>The Java-chip thing proved more difficult to realize than anticipated
I've been very slowly upping my Java-fu over the past year or so to crack into the IC market here in the Nordics. Naturally I started by investigating the JVM and its bytecode in some detail. It may surprise a lot of people to know that the JVM's bytecode is actually very, very much not cleanly mappable back to a normal processor's instruction set.
My very coarse-grained understanding is: If you really want to "write once, run anywhere", and you want to support more platforms than you can count on one hand, you eventually kind of need something like a VM somewhere in the mix just to control complexity. Even moreso if you want to compile once, run anywhere. We're using VM here in the technical sense, not in the Virtualbox one - SQLite implements a VM under the hood for partly the same reason. It just smooths out the cross-compilation and cross-execution story a lot, for a lot of reasons.
More formally: A SQLite database is actually a big blob of bytecode which gets run atop the Virtual DataBase Engine (VDBE). If you implement a VDBE on a given platform, you can copy any SQLite database file over and then interact with it with that platform's `sqlite3`, no matter which platform it was originally built on. Sound familiar? It's rather like the JVM and JAR files, right?
Once you're already down that route, you might decide to do things like implement things like automatic memory management at the VM level, even though no common hardware processor I know has a native instruction set that reads "add, multiply, jump, traverse our object structure and figure out what we can get rid of". VDBE pulls this kind of hat trick too with its own bytecode, which is why we similarly probably won't ever see big hunking lumps of silicon running SQLiteOS on the bare metal, even if there would be theoretical performance enhancements thataways.
(I greatly welcome corrections to the above. Built-for-purpose VMs of the kind I describe above are fascinating beasts and they make me wish I did a CS degree instead of an EE one sometimes.)
It's not common, as only one was ever made, but the Lisp processor described in Sussman and Steele's paper "Design of LISP-based Processors, or SCHEME: A Dielectric LISP, or Finite Memories Considered Harmful, or LAMBDA: The Ultimate Opcode", had built-in, hardware-implemented garbage collection.
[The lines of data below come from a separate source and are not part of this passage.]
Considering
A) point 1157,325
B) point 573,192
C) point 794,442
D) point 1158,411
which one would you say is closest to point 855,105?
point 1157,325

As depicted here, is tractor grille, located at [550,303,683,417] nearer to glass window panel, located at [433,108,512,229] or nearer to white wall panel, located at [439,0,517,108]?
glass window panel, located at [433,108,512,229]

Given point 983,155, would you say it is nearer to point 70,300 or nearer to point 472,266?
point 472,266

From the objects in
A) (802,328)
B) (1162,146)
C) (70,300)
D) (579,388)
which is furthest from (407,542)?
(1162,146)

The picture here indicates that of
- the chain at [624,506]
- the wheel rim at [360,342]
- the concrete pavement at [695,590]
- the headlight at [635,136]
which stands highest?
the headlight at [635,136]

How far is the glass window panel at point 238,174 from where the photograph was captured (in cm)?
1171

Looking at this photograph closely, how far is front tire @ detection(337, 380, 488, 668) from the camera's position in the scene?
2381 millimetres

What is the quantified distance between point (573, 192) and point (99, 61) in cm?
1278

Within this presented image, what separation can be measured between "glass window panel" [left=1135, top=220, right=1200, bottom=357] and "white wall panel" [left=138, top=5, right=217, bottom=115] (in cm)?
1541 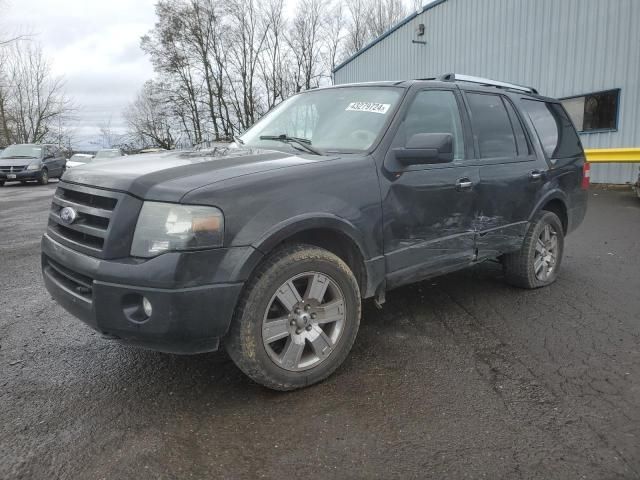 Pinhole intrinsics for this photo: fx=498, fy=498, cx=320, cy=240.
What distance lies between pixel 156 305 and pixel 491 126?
3.11 meters

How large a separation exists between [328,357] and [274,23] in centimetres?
4345

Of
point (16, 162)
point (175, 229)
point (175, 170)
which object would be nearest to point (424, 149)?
point (175, 170)

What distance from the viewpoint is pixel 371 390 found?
9.34ft

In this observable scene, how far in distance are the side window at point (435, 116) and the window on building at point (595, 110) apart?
9936 millimetres

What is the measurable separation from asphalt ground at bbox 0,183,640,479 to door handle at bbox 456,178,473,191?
1062mm

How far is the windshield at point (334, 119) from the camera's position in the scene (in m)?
3.39

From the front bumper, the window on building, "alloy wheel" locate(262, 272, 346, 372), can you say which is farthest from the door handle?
the window on building

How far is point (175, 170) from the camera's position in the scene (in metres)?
2.74

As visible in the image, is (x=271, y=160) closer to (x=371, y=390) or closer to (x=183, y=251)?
(x=183, y=251)

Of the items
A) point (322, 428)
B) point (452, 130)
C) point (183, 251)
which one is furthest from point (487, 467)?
point (452, 130)

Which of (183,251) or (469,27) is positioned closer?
(183,251)

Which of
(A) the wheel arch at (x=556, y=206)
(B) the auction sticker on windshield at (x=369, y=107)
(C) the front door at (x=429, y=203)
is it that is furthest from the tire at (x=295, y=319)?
(A) the wheel arch at (x=556, y=206)

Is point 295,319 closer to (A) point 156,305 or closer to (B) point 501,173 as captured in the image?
(A) point 156,305

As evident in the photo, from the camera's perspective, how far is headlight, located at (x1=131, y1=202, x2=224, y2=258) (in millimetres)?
2404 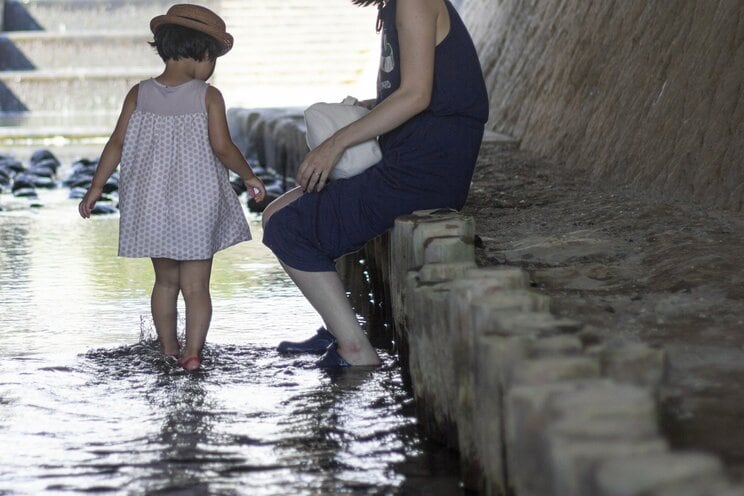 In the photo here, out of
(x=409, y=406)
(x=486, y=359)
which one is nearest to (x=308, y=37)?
(x=409, y=406)

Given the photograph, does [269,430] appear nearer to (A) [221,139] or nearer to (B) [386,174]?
(B) [386,174]

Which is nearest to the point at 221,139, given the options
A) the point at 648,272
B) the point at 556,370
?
the point at 648,272

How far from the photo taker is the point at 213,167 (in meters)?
4.35

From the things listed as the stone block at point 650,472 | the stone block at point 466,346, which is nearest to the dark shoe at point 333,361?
the stone block at point 466,346

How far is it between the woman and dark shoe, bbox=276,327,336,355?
0.31 m

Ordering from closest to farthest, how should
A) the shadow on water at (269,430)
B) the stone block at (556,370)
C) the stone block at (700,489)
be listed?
the stone block at (700,489), the stone block at (556,370), the shadow on water at (269,430)

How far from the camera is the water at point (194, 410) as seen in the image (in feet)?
10.3

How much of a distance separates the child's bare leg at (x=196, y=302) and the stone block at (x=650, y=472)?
8.58 ft

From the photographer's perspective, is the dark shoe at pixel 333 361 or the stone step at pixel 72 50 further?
the stone step at pixel 72 50

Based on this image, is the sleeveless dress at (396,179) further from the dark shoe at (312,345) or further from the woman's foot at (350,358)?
the dark shoe at (312,345)

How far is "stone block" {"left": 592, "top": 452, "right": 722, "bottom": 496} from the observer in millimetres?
1794

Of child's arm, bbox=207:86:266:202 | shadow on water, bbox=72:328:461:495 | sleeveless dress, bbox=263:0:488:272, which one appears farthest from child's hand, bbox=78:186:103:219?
sleeveless dress, bbox=263:0:488:272

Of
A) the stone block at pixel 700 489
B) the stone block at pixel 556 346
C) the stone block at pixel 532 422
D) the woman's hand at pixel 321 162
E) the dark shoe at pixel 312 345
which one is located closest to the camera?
the stone block at pixel 700 489

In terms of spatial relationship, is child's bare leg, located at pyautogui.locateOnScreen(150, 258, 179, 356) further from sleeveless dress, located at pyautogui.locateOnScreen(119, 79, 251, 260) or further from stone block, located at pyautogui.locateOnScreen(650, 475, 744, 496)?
stone block, located at pyautogui.locateOnScreen(650, 475, 744, 496)
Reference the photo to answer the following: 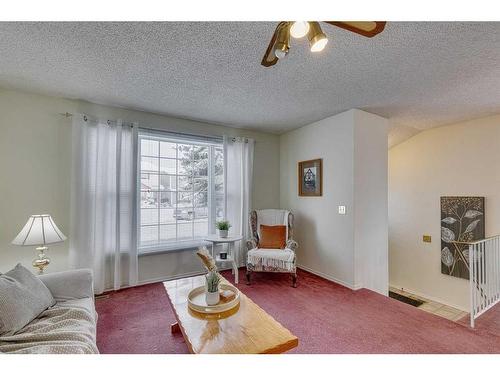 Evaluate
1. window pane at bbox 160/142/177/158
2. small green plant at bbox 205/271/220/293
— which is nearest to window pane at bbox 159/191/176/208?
window pane at bbox 160/142/177/158

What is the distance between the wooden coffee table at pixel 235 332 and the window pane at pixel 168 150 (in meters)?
2.27

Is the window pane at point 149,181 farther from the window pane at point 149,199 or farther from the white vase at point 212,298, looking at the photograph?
the white vase at point 212,298

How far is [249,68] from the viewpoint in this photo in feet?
6.89

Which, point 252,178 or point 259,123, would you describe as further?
point 252,178

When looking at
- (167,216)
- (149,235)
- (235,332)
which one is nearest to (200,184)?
(167,216)

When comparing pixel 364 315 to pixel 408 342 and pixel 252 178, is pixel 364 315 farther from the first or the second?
pixel 252 178

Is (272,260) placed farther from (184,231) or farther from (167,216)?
(167,216)

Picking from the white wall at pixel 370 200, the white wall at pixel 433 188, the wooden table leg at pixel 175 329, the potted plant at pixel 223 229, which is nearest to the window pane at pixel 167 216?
the potted plant at pixel 223 229

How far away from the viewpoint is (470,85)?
7.80 feet

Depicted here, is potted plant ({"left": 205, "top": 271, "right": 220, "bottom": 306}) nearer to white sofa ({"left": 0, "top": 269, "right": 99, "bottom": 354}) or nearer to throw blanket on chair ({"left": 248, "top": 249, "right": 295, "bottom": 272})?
white sofa ({"left": 0, "top": 269, "right": 99, "bottom": 354})

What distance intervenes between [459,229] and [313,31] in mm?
4134

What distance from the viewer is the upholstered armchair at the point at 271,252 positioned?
310cm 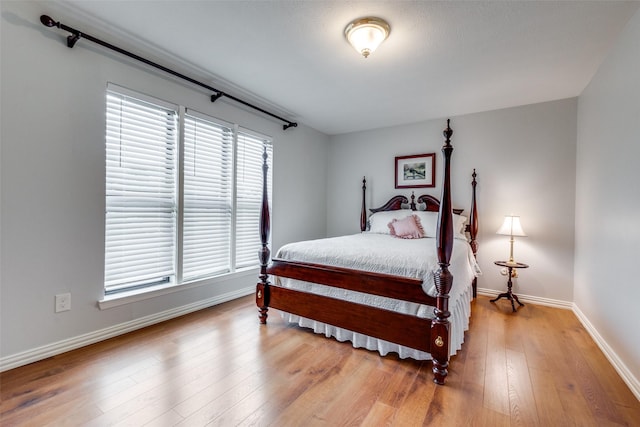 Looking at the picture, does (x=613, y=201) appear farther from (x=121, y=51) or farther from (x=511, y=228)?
(x=121, y=51)

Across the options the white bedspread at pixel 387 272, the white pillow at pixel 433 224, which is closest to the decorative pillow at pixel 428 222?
the white pillow at pixel 433 224

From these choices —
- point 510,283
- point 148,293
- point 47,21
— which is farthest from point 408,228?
point 47,21

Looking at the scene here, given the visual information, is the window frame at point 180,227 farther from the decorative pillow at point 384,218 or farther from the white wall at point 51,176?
the decorative pillow at point 384,218

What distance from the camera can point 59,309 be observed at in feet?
6.63

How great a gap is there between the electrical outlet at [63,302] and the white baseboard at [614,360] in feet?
12.3

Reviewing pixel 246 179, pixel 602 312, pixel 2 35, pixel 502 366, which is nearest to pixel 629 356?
pixel 602 312

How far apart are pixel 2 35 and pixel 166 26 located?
3.10 ft

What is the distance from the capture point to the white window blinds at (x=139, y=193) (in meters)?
2.29

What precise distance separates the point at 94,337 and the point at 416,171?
405 cm

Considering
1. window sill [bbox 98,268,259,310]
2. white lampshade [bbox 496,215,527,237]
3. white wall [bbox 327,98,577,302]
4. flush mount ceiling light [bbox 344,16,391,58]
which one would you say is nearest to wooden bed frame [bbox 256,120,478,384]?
window sill [bbox 98,268,259,310]

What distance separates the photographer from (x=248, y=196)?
138 inches

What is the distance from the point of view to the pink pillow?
3413mm

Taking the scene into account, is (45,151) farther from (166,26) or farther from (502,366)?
(502,366)

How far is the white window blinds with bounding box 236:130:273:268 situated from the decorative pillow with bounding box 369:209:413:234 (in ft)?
5.40
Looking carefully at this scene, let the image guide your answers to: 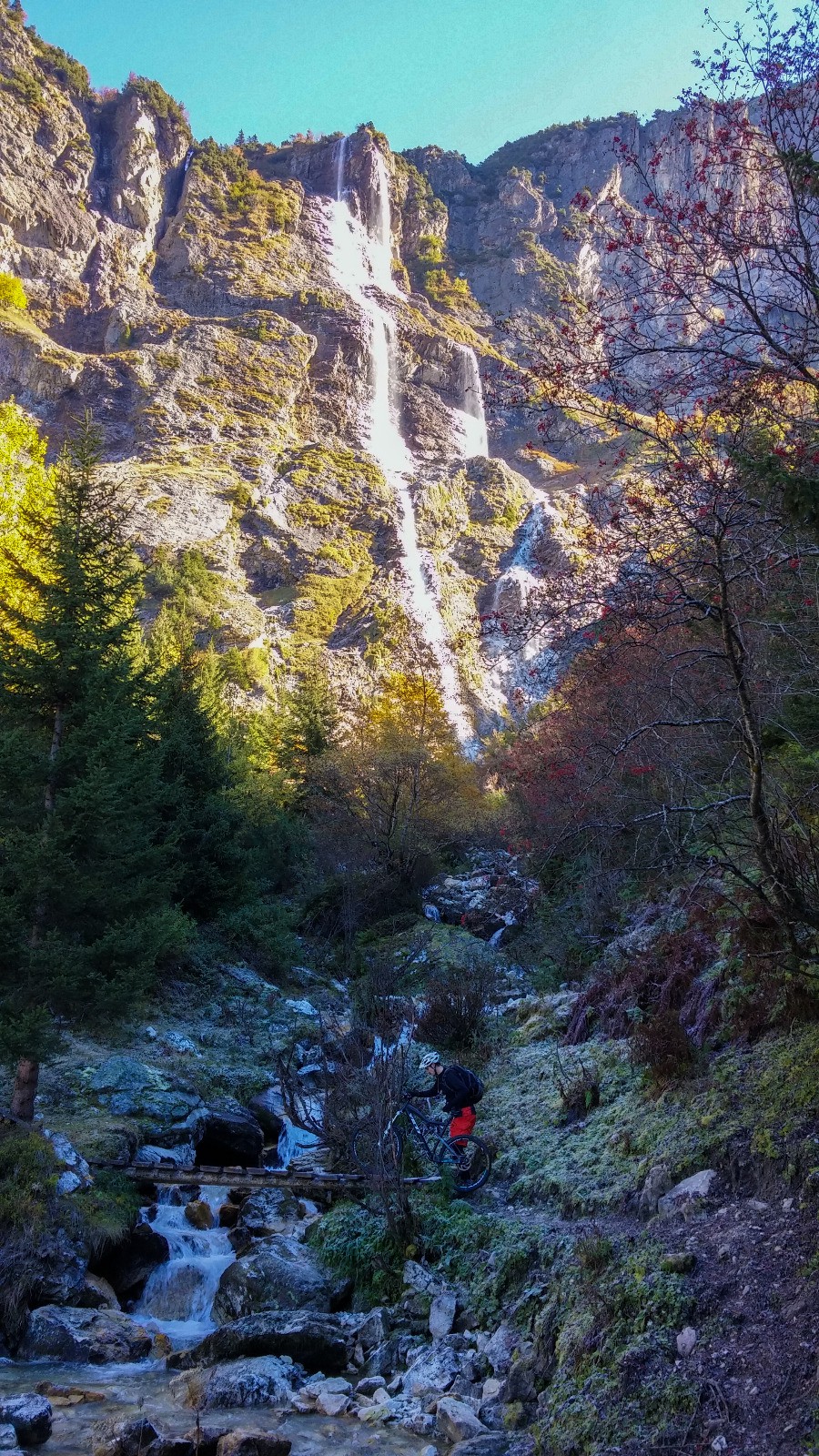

I was once at a meetup for Lisp hackers, and discussing something or another with one of them, who referred to Lisp as a "low-level language". When I expressed some astonishment at this characterization, he decided I needed to be introduced to another hacker named "Jerry", who would explain everything.
"Jerry" turned out to be Gerald Sussman, who very excitedly explained to me that Lisp was the instruction set for a virtual machine, which he and a colleague had turned into an actual machine, the processor mentioned above.
I remember seeing a Java microprocessor for sale years ago. It claimed that the CPUs native instruction set is Java bytecode.
I can't find that exact microcontroller that I remember, I think the domain is gone, but there are other things like this, including some FPGA cores which make the same claim that I remember from that microcontroller I read about in the early 2000s. I wonder how those would perform compared to a JVM running on a traditional instruction set on the same FPGA.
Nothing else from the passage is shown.